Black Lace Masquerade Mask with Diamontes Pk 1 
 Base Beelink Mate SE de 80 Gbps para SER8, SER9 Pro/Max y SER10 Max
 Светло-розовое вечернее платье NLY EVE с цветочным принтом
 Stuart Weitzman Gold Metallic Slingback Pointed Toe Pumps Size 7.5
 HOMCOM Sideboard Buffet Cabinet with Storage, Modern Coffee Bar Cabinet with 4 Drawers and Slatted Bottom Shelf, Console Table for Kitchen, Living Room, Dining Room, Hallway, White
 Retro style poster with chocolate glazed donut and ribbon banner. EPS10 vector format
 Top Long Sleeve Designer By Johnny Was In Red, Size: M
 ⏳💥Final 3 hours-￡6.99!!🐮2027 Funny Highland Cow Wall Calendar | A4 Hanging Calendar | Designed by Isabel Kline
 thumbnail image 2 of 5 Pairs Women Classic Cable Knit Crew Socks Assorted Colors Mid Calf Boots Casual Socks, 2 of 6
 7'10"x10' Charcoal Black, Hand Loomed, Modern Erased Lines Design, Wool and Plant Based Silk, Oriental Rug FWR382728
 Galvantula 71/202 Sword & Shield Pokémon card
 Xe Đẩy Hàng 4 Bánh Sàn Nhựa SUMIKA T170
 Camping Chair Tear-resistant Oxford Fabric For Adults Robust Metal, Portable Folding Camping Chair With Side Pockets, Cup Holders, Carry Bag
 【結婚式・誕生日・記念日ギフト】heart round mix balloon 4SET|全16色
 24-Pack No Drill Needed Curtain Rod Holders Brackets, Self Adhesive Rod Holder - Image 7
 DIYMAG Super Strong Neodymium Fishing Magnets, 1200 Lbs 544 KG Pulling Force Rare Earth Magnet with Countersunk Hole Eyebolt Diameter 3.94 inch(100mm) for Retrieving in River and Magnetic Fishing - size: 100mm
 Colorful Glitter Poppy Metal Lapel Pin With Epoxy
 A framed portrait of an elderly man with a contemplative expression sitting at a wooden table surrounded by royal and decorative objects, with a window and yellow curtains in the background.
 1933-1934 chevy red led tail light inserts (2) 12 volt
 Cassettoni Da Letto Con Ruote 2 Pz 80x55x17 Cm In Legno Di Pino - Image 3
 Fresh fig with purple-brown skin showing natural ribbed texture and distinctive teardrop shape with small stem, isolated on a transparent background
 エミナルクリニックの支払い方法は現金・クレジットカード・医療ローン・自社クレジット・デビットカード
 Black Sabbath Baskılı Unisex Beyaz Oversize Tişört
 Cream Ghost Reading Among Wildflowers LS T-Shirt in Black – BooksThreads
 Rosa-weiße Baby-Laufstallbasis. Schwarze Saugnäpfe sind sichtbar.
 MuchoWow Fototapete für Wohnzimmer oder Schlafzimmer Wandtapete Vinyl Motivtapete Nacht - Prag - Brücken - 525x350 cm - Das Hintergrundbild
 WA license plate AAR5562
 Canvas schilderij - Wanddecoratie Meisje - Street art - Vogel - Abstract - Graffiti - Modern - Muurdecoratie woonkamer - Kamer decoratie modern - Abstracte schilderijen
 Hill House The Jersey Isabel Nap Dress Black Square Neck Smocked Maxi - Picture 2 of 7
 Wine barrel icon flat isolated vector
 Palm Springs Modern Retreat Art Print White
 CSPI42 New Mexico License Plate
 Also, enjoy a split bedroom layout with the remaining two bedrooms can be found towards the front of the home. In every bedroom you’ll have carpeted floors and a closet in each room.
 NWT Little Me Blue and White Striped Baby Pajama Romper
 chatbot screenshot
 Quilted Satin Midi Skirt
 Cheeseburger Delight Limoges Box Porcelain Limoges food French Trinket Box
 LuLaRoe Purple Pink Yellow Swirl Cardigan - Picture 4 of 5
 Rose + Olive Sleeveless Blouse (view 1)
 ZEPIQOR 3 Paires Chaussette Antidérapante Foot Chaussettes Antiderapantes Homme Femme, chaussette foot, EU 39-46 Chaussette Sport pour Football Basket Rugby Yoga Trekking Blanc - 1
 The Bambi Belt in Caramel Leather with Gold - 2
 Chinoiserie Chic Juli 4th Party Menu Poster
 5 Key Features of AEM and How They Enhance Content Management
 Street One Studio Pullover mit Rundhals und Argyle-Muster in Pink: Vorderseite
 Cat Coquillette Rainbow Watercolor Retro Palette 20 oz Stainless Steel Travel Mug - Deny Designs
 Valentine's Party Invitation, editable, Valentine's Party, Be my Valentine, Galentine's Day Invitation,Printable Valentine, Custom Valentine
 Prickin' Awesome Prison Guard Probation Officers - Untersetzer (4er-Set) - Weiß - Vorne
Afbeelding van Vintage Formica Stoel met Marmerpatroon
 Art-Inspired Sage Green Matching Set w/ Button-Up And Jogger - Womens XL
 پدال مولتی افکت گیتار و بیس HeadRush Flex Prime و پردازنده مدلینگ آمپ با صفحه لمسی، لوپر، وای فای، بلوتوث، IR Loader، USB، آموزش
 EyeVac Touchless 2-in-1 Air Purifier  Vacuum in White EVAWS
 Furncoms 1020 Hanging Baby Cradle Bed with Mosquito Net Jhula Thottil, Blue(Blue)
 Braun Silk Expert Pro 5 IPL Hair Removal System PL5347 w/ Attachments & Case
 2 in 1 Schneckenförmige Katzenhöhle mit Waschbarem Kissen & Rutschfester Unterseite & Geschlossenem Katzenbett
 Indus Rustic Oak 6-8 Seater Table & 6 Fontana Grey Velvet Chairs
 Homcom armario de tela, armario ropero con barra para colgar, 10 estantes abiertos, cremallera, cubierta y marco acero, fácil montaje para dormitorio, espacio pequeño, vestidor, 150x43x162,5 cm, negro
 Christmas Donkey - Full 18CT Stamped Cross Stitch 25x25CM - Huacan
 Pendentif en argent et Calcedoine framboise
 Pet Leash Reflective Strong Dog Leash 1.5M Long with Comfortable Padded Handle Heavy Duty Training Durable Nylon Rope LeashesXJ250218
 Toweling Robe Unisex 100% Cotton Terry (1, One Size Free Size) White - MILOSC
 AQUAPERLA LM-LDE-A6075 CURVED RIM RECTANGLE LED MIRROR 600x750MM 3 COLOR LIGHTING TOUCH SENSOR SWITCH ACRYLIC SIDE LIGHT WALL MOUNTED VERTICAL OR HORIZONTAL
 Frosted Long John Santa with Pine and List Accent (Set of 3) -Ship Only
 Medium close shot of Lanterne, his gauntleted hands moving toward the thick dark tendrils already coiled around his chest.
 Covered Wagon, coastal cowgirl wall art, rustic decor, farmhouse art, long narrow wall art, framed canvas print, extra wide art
━━━━━━━━━━
_PROBLEM TO WORK ON_.
Each record must be restated word for word, including the last line.

_COMPLETED EXERCISE_.
Black Lace Masquerade Mask with Diamontes Pk 1 
 Base Beelink Mate SE de 80 Gbps para SER8, SER9 Pro/Max y SER10 Max
 Светло-розовое вечернее платье NLY EVE с цветочным принтом
 Stuart Weitzman Gold Metallic Slingback Pointed Toe Pumps Size 7.5
 HOMCOM Sideboard Buffet Cabinet with Storage, Modern Coffee Bar Cabinet with 4 Drawers and Slatted Bottom Shelf, Console Table for Kitchen, Living Room, Dining Room, Hallway, White
 Retro style poster with chocolate glazed donut and ribbon banner. EPS10 vector format
 Top Long Sleeve Designer By Johnny Was In Red, Size: M
 ⏳💥Final 3 hours-￡6.99!!🐮2027 Funny Highland Cow Wall Calendar | A4 Hanging Calendar | Designed by Isabel Kline
 thumbnail image 2 of 5 Pairs Women Classic Cable Knit Crew Socks Assorted Colors Mid Calf Boots Casual Socks, 2 of 6
 7'10"x10' Charcoal Black, Hand Loomed, Modern Erased Lines Design, Wool and Plant Based Silk, Oriental Rug FWR382728
 Galvantula 71/202 Sword & Shield Pokémon card
 Xe Đẩy Hàng 4 Bánh Sàn Nhựa SUMIKA T170
 Camping Chair Tear-resistant Oxford Fabric For Adults Robust Metal, Portable Folding Camping Chair With Side Pockets, Cup Holders, Carry Bag
 【結婚式・誕生日・記念日ギフト】heart round mix balloon 4SET|全16色
 24-Pack No Drill Needed Curtain Rod Holders Brackets, Self Adhesive Rod Holder - Image 7
 DIYMAG Super Strong Neodymium Fishing Magnets, 1200 Lbs 544 KG Pulling Force Rare Earth Magnet with Countersunk Hole Eyebolt Diameter 3.94 inch(100mm) for Retrieving in River and Magnetic Fishing - size: 100mm
 Colorful Glitter Poppy Metal Lapel Pin With Epoxy
 A framed portrait of an elderly man with a contemplative expression sitting at a wooden table surrounded by royal and decorative objects, with a window and yellow curtains in the background.
 1933-1934 chevy red led tail light inserts (2) 12 volt
 Cassettoni Da Letto Con Ruote 2 Pz 80x55x17 Cm In Legno Di Pino - Image 3
 Fresh fig with purple-brown skin showing natural ribbed texture and distinctive teardrop shape with small stem, isolated on a transparent background
 エミナルクリニックの支払い方法は現金・クレジットカード・医療ローン・自社クレジット・デビットカード
 Black Sabbath Baskılı Unisex Beyaz Oversize Tişört
 Cream Ghost Reading Among Wildflowers LS T-Shirt in Black – BooksThreads
 Rosa-weiße Baby-Laufstallbasis. Schwarze Saugnäpfe sind sichtbar.
 MuchoWow Fototapete für Wohnzimmer oder Schlafzimmer Wandtapete Vinyl Motivtapete Nacht - Prag - Brücken - 525x350 cm - Das Hintergrundbild
 WA license plate AAR5562
 Canvas schilderij - Wanddecoratie Meisje - Street art - Vogel - Abstract - Graffiti - Modern - Muurdecoratie woonkamer - Kamer decoratie modern - Abstracte schilderijen
 Hill House The Jersey Isabel Nap Dress Black Square Neck Smocked Maxi - Picture 2 of 7
 Wine barrel icon flat isolated vector
 Palm Springs Modern Retreat Art Print White
 CSPI42 New Mexico License Plate
 Also, enjoy a split bedroom layout with the remaining two bedrooms can be found towards the front of the home. In every bedroom you’ll have carpeted floors and a closet in each room.
 NWT Little Me Blue and White Striped Baby Pajama Romper
 chatbot screenshot
 Quilted Satin Midi Skirt
 Cheeseburger Delight Limoges Box Porcelain Limoges food French Trinket Box
 LuLaRoe Purple Pink Yellow Swirl Cardigan - Picture 4 of 5
 Rose + Olive Sleeveless Blouse (view 1)
 ZEPIQOR 3 Paires Chaussette Antidérapante Foot Chaussettes Antiderapantes Homme Femme, chaussette foot, EU 39-46 Chaussette Sport pour Football Basket Rugby Yoga Trekking Blanc - 1
 The Bambi Belt in Caramel Leather with Gold - 2
 Chinoiserie Chic Juli 4th Party Menu Poster
 5 Key Features of AEM and How They Enhance Content Management
 Street One Studio Pullover mit Rundhals und Argyle-Muster in Pink: Vorderseite
 Cat Coquillette Rainbow Watercolor Retro Palette 20 oz Stainless Steel Travel Mug - Deny Designs
 Valentine's Party Invitation, editable, Valentine's Party, Be my Valentine, Galentine's Day Invitation,Printable Valentine, Custom Valentine
 Prickin' Awesome Prison Guard Probation Officers - Untersetzer (4er-Set) - Weiß - Vorne
Afbeelding van Vintage Formica Stoel met Marmerpatroon
 Art-Inspired Sage Green Matching Set w/ Button-Up And Jogger - Womens XL
 پدال مولتی افکت گیتار و بیس HeadRush Flex Prime و پردازنده مدلینگ آمپ با صفحه لمسی، لوپر، وای فای، بلوتوث، IR Loader، USB، آموزش
 EyeVac Touchless 2-in-1 Air Purifier  Vacuum in White EVAWS
 Furncoms 1020 Hanging Baby Cradle Bed with Mosquito Net Jhula Thottil, Blue(Blue)
 Braun Silk Expert Pro 5 IPL Hair Removal System PL5347 w/ Attachments & Case
 2 in 1 Schneckenförmige Katzenhöhle mit Waschbarem Kissen & Rutschfester Unterseite & Geschlossenem Katzenbett
 Indus Rustic Oak 6-8 Seater Table & 6 Fontana Grey Velvet Chairs
 Homcom armario de tela, armario ropero con barra para colgar, 10 estantes abiertos, cremallera, cubierta y marco acero, fácil montaje para dormitorio, espacio pequeño, vestidor, 150x43x162,5 cm, negro
 Christmas Donkey - Full 18CT Stamped Cross Stitch 25x25CM - Huacan
 Pendentif en argent et Calcedoine framboise
 Pet Leash Reflective Strong Dog Leash 1.5M Long with Comfortable Padded Handle Heavy Duty Training Durable Nylon Rope LeashesXJ250218
 Toweling Robe Unisex 100% Cotton Terry (1, One Size Free Size) White - MILOSC
 AQUAPERLA LM-LDE-A6075 CURVED RIM RECTANGLE LED MIRROR 600x750MM 3 COLOR LIGHTING TOUCH SENSOR SWITCH ACRYLIC SIDE LIGHT WALL MOUNTED VERTICAL OR HORIZONTAL
 Frosted Long John Santa with Pine and List Accent (Set of 3) -Ship Only
 Medium close shot of Lanterne, his gauntleted hands moving toward the thick dark tendrils already coiled around his chest.
 Covered Wagon, coastal cowgirl wall art, rustic decor, farmhouse art, long narrow wall art, framed canvas print, extra wide art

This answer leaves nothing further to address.